» **WORK INSTRUCTIONS**
Could you return the whole listing, character for character?

» **RECORDS PROVIDED**
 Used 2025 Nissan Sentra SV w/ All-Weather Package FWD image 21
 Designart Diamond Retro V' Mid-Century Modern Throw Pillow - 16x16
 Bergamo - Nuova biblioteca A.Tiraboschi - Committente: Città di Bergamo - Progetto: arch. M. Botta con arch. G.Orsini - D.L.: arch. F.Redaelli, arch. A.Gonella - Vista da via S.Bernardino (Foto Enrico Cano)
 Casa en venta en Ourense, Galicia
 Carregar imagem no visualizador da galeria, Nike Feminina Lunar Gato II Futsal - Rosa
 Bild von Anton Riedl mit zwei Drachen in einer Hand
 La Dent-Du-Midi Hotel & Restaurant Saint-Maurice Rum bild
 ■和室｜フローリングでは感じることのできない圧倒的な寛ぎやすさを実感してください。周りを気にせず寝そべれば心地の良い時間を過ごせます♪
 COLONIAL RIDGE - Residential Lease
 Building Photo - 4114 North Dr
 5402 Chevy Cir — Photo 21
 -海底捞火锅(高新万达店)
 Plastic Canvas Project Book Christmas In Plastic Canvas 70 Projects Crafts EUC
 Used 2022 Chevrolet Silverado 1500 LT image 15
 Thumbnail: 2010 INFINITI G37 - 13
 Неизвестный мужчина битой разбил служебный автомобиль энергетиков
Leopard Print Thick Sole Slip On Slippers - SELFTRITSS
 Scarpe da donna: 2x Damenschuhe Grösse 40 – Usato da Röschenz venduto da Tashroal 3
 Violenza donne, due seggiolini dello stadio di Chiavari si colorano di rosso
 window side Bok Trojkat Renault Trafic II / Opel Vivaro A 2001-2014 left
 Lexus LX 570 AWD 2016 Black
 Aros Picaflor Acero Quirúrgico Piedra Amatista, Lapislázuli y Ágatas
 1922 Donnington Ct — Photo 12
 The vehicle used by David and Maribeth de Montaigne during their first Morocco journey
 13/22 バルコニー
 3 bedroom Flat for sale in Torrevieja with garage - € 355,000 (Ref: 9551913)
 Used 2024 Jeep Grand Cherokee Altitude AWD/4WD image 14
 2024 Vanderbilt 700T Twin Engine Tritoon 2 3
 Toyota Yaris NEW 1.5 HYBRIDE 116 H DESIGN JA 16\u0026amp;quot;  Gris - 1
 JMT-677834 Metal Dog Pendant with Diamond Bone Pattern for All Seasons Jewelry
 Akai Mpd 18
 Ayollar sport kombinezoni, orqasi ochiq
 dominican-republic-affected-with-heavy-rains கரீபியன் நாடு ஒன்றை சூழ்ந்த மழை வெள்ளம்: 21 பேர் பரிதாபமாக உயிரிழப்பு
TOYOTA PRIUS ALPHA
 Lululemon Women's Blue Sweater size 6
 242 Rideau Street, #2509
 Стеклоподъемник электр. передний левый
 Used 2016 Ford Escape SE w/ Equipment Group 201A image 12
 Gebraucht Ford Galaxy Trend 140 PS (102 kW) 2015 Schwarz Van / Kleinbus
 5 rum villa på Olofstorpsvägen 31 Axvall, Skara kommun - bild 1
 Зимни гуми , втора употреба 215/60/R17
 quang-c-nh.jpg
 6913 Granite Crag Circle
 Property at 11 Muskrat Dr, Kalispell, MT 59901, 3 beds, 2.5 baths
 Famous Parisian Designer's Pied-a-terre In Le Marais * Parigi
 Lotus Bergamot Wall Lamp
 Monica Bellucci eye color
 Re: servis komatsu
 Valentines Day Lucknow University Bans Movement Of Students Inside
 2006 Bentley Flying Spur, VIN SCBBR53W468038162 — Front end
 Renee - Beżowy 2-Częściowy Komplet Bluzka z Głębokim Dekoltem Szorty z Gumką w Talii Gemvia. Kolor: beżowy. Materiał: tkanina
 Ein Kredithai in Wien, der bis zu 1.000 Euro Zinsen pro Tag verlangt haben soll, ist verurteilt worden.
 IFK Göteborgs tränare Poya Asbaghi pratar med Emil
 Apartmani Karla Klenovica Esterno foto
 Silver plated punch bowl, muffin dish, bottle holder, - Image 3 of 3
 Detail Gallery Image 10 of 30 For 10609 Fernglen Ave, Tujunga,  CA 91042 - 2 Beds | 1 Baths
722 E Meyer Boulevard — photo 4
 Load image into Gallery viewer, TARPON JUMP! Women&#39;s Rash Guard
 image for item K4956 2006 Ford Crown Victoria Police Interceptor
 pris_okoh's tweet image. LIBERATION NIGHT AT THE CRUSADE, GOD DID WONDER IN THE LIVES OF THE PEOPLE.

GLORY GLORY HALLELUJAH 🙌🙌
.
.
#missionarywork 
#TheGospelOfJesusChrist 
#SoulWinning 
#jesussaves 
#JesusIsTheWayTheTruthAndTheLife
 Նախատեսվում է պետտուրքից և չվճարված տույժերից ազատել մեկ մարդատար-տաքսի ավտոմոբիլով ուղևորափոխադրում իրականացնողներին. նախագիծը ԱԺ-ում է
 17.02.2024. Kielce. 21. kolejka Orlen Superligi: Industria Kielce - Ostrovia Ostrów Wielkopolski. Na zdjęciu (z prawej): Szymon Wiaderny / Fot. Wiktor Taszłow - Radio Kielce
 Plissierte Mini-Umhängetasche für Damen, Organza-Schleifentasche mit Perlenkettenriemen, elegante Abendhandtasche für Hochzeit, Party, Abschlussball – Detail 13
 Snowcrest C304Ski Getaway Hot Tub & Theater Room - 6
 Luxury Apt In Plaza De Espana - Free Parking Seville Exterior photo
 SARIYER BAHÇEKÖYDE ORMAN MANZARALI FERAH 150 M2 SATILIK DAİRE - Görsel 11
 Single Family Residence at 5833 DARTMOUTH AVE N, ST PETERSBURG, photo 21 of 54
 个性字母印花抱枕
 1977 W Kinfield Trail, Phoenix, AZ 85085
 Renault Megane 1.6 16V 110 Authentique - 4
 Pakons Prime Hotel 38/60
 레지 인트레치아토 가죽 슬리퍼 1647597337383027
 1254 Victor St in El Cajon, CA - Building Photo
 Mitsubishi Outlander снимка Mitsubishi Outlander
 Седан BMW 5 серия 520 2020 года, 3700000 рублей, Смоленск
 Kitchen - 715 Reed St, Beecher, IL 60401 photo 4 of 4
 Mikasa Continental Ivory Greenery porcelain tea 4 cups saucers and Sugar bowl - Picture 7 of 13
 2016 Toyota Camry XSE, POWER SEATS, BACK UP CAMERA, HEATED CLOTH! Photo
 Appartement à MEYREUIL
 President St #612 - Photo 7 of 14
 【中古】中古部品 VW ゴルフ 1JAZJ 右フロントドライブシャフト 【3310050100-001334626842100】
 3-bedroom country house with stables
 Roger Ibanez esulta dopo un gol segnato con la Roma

» **EXERCISE RESPONSE**
 Used 2025 Nissan Sentra SV w/ All-Weather Package FWD image 21
 Designart Diamond Retro V' Mid-Century Modern Throw Pillow - 16x16
 Bergamo - Nuova biblioteca A.Tiraboschi - Committente: Città di Bergamo - Progetto: arch. M. Botta con arch. G.Orsini - D.L.: arch. F.Redaelli, arch. A.Gonella - Vista da via S.Bernardino (Foto Enrico Cano)
 Casa en venta en Ourense, Galicia
 Carregar imagem no visualizador da galeria, Nike Feminina Lunar Gato II Futsal - Rosa
 Bild von Anton Riedl mit zwei Drachen in einer Hand
 La Dent-Du-Midi Hotel & Restaurant Saint-Maurice Rum bild
 ■和室｜フローリングでは感じることのできない圧倒的な寛ぎやすさを実感してください。周りを気にせず寝そべれば心地の良い時間を過ごせます♪
 COLONIAL RIDGE - Residential Lease
 Building Photo - 4114 North Dr
 5402 Chevy Cir — Photo 21
 -海底捞火锅(高新万达店)
 Plastic Canvas Project Book Christmas In Plastic Canvas 70 Projects Crafts EUC
 Used 2022 Chevrolet Silverado 1500 LT image 15
 Thumbnail: 2010 INFINITI G37 - 13
 Неизвестный мужчина битой разбил служебный автомобиль энергетиков
Leopard Print Thick Sole Slip On Slippers - SELFTRITSS
 Scarpe da donna: 2x Damenschuhe Grösse 40 – Usato da Röschenz venduto da Tashroal 3
 Violenza donne, due seggiolini dello stadio di Chiavari si colorano di rosso
 window side Bok Trojkat Renault Trafic II / Opel Vivaro A 2001-2014 left
 Lexus LX 570 AWD 2016 Black
 Aros Picaflor Acero Quirúrgico Piedra Amatista, Lapislázuli y Ágatas
 1922 Donnington Ct — Photo 12
 The vehicle used by David and Maribeth de Montaigne during their first Morocco journey
 13/22 バルコニー
 3 bedroom Flat for sale in Torrevieja with garage - € 355,000 (Ref: 9551913)
 Used 2024 Jeep Grand Cherokee Altitude AWD/4WD image 14
 2024 Vanderbilt 700T Twin Engine Tritoon 2 3
 Toyota Yaris NEW 1.5 HYBRIDE 116 H DESIGN JA 16\u0026amp;quot;  Gris - 1
 JMT-677834 Metal Dog Pendant with Diamond Bone Pattern for All Seasons Jewelry
 Akai Mpd 18
 Ayollar sport kombinezoni, orqasi ochiq
 dominican-republic-affected-with-heavy-rains கரீபியன் நாடு ஒன்றை சூழ்ந்த மழை வெள்ளம்: 21 பேர் பரிதாபமாக உயிரிழப்பு
TOYOTA PRIUS ALPHA
 Lululemon Women's Blue Sweater size 6
 242 Rideau Street, #2509
 Стеклоподъемник электр. передний левый
 Used 2016 Ford Escape SE w/ Equipment Group 201A image 12
 Gebraucht Ford Galaxy Trend 140 PS (102 kW) 2015 Schwarz Van / Kleinbus
 5 rum villa på Olofstorpsvägen 31 Axvall, Skara kommun - bild 1
 Зимни гуми , втора употреба 215/60/R17
 quang-c-nh.jpg
 6913 Granite Crag Circle
 Property at 11 Muskrat Dr, Kalispell, MT 59901, 3 beds, 2.5 baths
 Famous Parisian Designer's Pied-a-terre In Le Marais * Parigi
 Lotus Bergamot Wall Lamp
 Monica Bellucci eye color
 Re: servis komatsu
 Valentines Day Lucknow University Bans Movement Of Students Inside
 2006 Bentley Flying Spur, VIN SCBBR53W468038162 — Front end
 Renee - Beżowy 2-Częściowy Komplet Bluzka z Głębokim Dekoltem Szorty z Gumką w Talii Gemvia. Kolor: beżowy. Materiał: tkanina
 Ein Kredithai in Wien, der bis zu 1.000 Euro Zinsen pro Tag verlangt haben soll, ist verurteilt worden.
 IFK Göteborgs tränare Poya Asbaghi pratar med Emil
 Apartmani Karla Klenovica Esterno foto
 Silver plated punch bowl, muffin dish, bottle holder, - Image 3 of 3
 Detail Gallery Image 10 of 30 For 10609 Fernglen Ave, Tujunga,  CA 91042 - 2 Beds | 1 Baths
722 E Meyer Boulevard — photo 4
 Load image into Gallery viewer, TARPON JUMP! Women&#39;s Rash Guard
 image for item K4956 2006 Ford Crown Victoria Police Interceptor
 pris_okoh's tweet image. LIBERATION NIGHT AT THE CRUSADE, GOD DID WONDER IN THE LIVES OF THE PEOPLE.

GLORY GLORY HALLELUJAH 🙌🙌
.
.
#missionarywork 
#TheGospelOfJesusChrist 
#SoulWinning 
#jesussaves 
#JesusIsTheWayTheTruthAndTheLife
 Նախատեսվում է պետտուրքից և չվճարված տույժերից ազատել մեկ մարդատար-տաքսի ավտոմոբիլով ուղևորափոխադրում իրականացնողներին. նախագիծը ԱԺ-ում է
 17.02.2024. Kielce. 21. kolejka Orlen Superligi: Industria Kielce - Ostrovia Ostrów Wielkopolski. Na zdjęciu (z prawej): Szymon Wiaderny / Fot. Wiktor Taszłow - Radio Kielce
 Plissierte Mini-Umhängetasche für Damen, Organza-Schleifentasche mit Perlenkettenriemen, elegante Abendhandtasche für Hochzeit, Party, Abschlussball – Detail 13
 Snowcrest C304Ski Getaway Hot Tub & Theater Room - 6
 Luxury Apt In Plaza De Espana - Free Parking Seville Exterior photo
 SARIYER BAHÇEKÖYDE ORMAN MANZARALI FERAH 150 M2 SATILIK DAİRE - Görsel 11
 Single Family Residence at 5833 DARTMOUTH AVE N, ST PETERSBURG, photo 21 of 54
 个性字母印花抱枕
 1977 W Kinfield Trail, Phoenix, AZ 85085
 Renault Megane 1.6 16V 110 Authentique - 4
 Pakons Prime Hotel 38/60
 레지 인트레치아토 가죽 슬리퍼 1647597337383027
 1254 Victor St in El Cajon, CA - Building Photo
 Mitsubishi Outlander снимка Mitsubishi Outlander
 Седан BMW 5 серия 520 2020 года, 3700000 рублей, Смоленск
 Kitchen - 715 Reed St, Beecher, IL 60401 photo 4 of 4
 Mikasa Continental Ivory Greenery porcelain tea 4 cups saucers and Sugar bowl - Picture 7 of 13
 2016 Toyota Camry XSE, POWER SEATS, BACK UP CAMERA, HEATED CLOTH! Photo
 Appartement à MEYREUIL
 President St #612 - Photo 7 of 14
 【中古】中古部品 VW ゴルフ 1JAZJ 右フロントドライブシャフト 【3310050100-001334626842100】
 3-bedroom country house with stables
 Roger Ibanez esulta dopo un gol segnato con la Roma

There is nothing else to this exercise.